Despite improvements in the medical and surgical management of patients with glioblastoma, tumor recurrence remains inevitable. For recurrent glioblastoma, however, the clinical value of a second resection remains uncertain. Specifically, what proportion of contrast-enhancing recurrent glioblastoma tissue must be removed to improve overall survival and what is the neurological cost of incremental resection beyond this threshold?

Methods

The authors identified 170 consecutive patients with recurrent supratentorial glioblastomas treated at the Barrow Neurological Institute from 2001 to 2011. All patients previously had a de novo glioblastoma and following their initial resection received standard temozolomide and fractionated radiotherapy.

Results

The mean clinical follow-up was 22.6 months and no patient was lost to follow-up.

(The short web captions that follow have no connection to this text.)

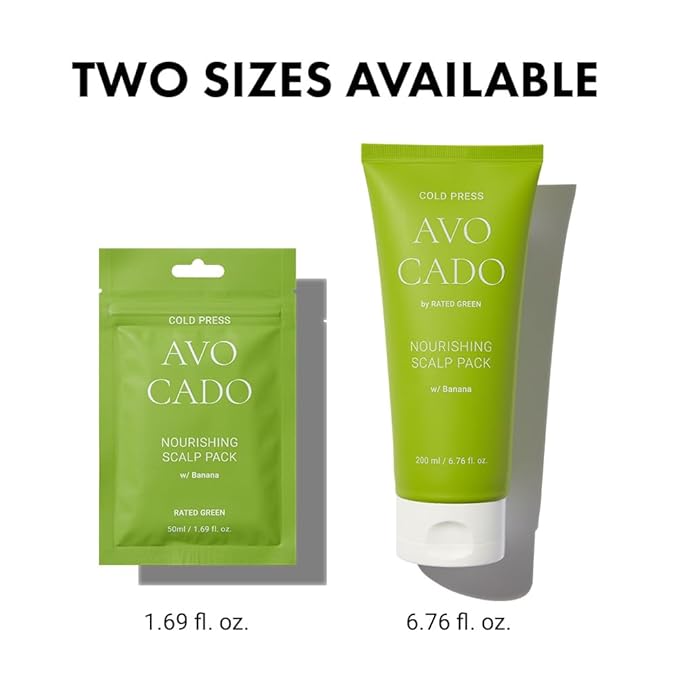 "RATED GREEN Cold Brew Avocado Nourishing Scalp Pack w/Banana, 1.69 Fl. Oz Deep Conditioning, Hydrating Hair Mask for Dry Damaged Hair, Pack of 5"-FemmiqueWomen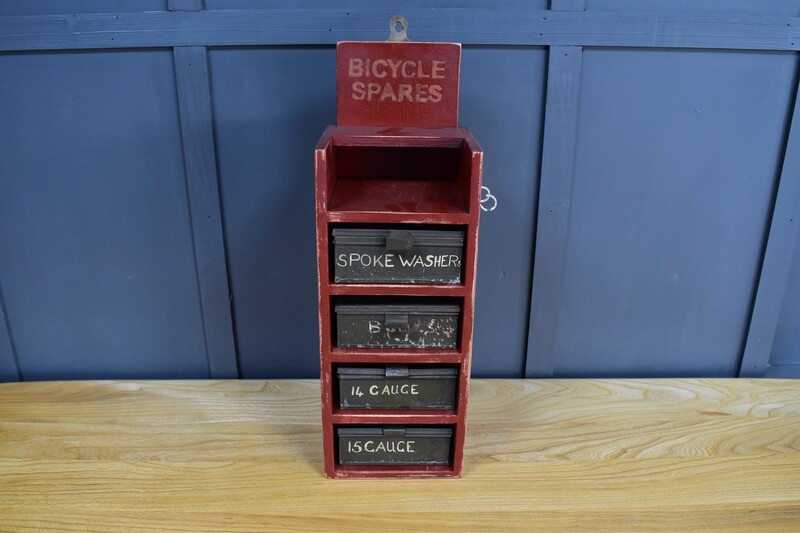 Red Vintage Storage Display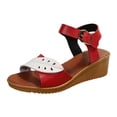 thumbnail image 6 of Mepaouo Wedge Sandals for Women Ankle Strap Casual Walking Slip on Shoes Platform Orthopedic Sandal, 6 of 7
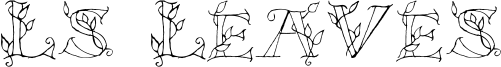 LS Leaves Font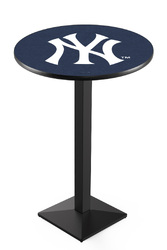 New York Yankees L217 Black Wrinkle Logo Table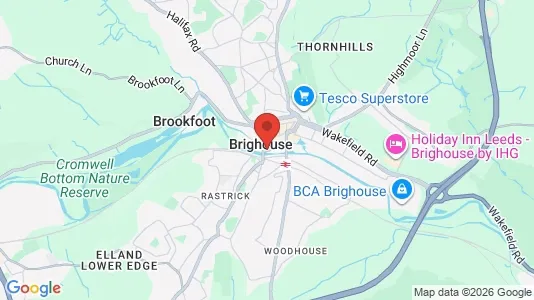 Apartments for rent i Brighouse - West Yorkshire - kort over placeringen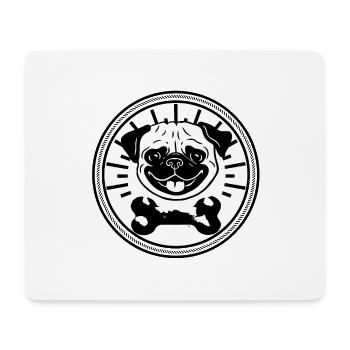 Pug crest pug - Mouse Pad (horizontal) - white - Front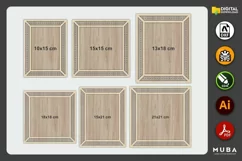 Rattan, Photo Frame SVG, Wooden Photo Frame, Laser Cut File Product Image 1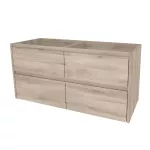Mereo Opto, koupelnová skříňka 121 cm, Multidecor, Dub Kronberg světlý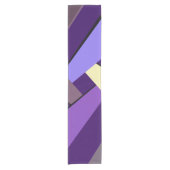 Abstracte geometrische vorm 5 korte tafelloper (Voorkant)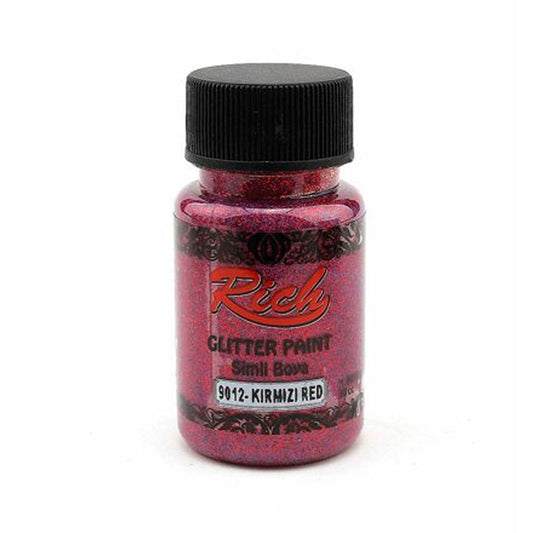 Rich Glitter Paint Kırmızı 50 cc Simli Boya - Hobi ve Sanatsal El İşleri İçin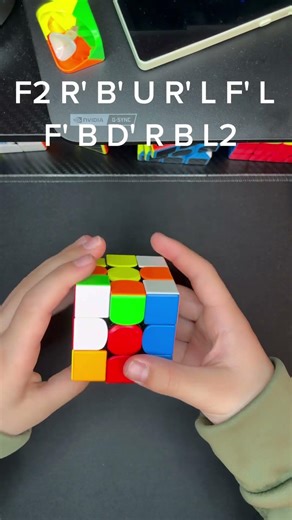 How to do python pattern on a 3x3 #rubikscube #cubing #tutorial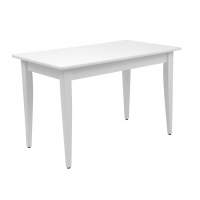 Стол Квадро (1200*700+300/цвет столешницы Белый/цвет ножек Белый)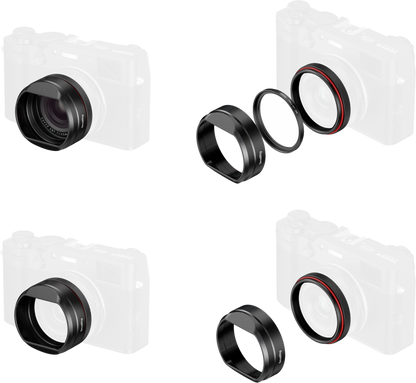 SmallRig 5850 UV Filter with Lens Hood Kit for FUJIFILM X100VI / X100V (Black)
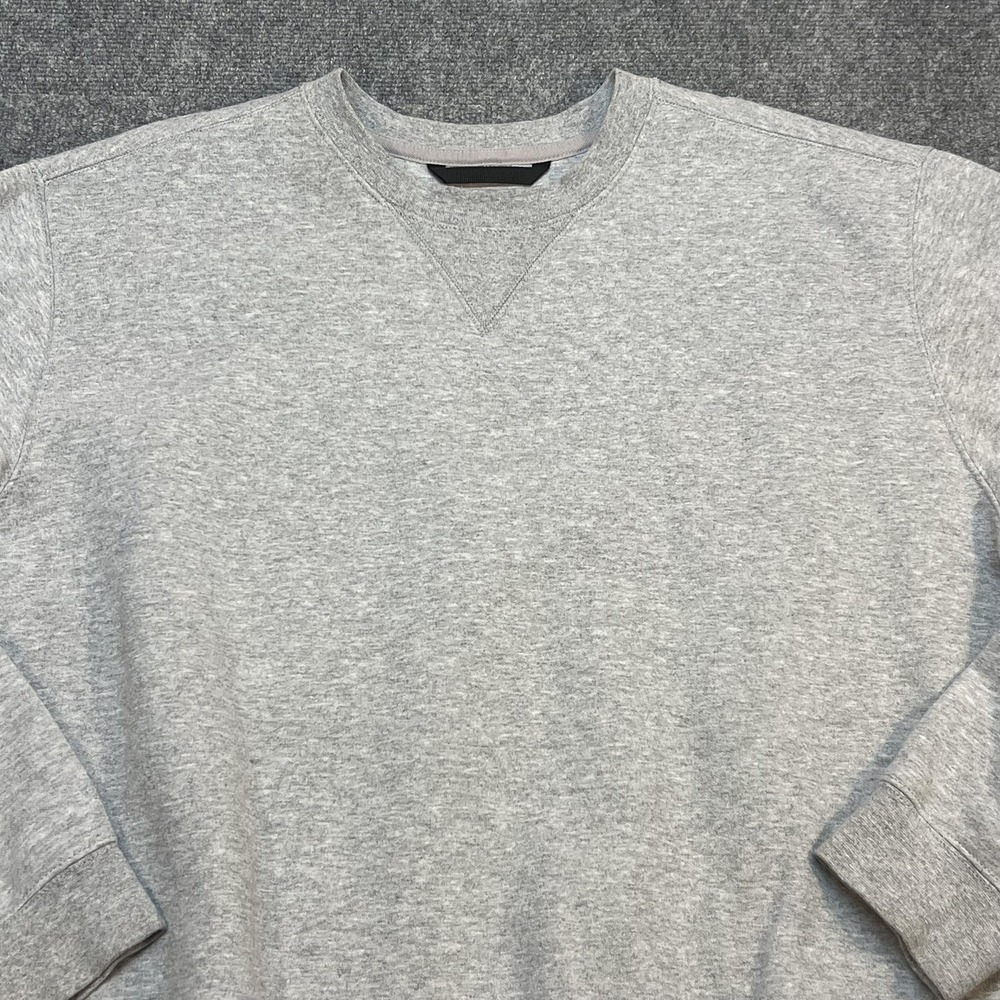 Carhartt Sweatshirt Mens XL Gray Fleece Crewneck Pullover Logo Patch Loose Fit - Picture 2 of 10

At the time of recurrence, the median preoperative tumor volume was 26.1 cm3. Following re-resection, median postoperative tumor volume was 3.1 cm3, equating to an 87.4% extent of resection (EOR). The median overall survival was 19.0 months, with a median progression-free survival following re-resection of 5.2 months. Using Cox proportional hazards analysis, the variables of age, Karnofsky Performance Scale (KPS) score, and EOR were predictive of survival following repeat resection (p = 0.0001). Interestingly, a significant survival advantage was noted with as little as 80% EOR. Recursive partitioning analysis validated these findings and provided additional risk stratification at the highest levels of EOR. Overall, at 7 days after surgery, a deterioration in the NIH stroke scale score by 1 point or more was observed in 39.1% of patients with EOR ≥ 80% as compared with 16.7% for those with EOR < 80% (p = 0.0049). This disparity in neurological morbidity, however, did not endure beyond 30 days postoperatively (p = 0.1279).

Conclusions

For recurrent glioblastomas, an improvement in overall survival can be attained beyond an 80% EOR. This survival benefit must be balanced against the risk of neurological morbidity, which does increase with more aggressive cytoreduction, but only in the early postoperative period. Interestingly, this putative EOR threshold closely approximates that reported for newly diagnosed glioblastomas, suggesting that for a subset of patients, the survival benefit of microsurgical resection does not diminish despite biological progression.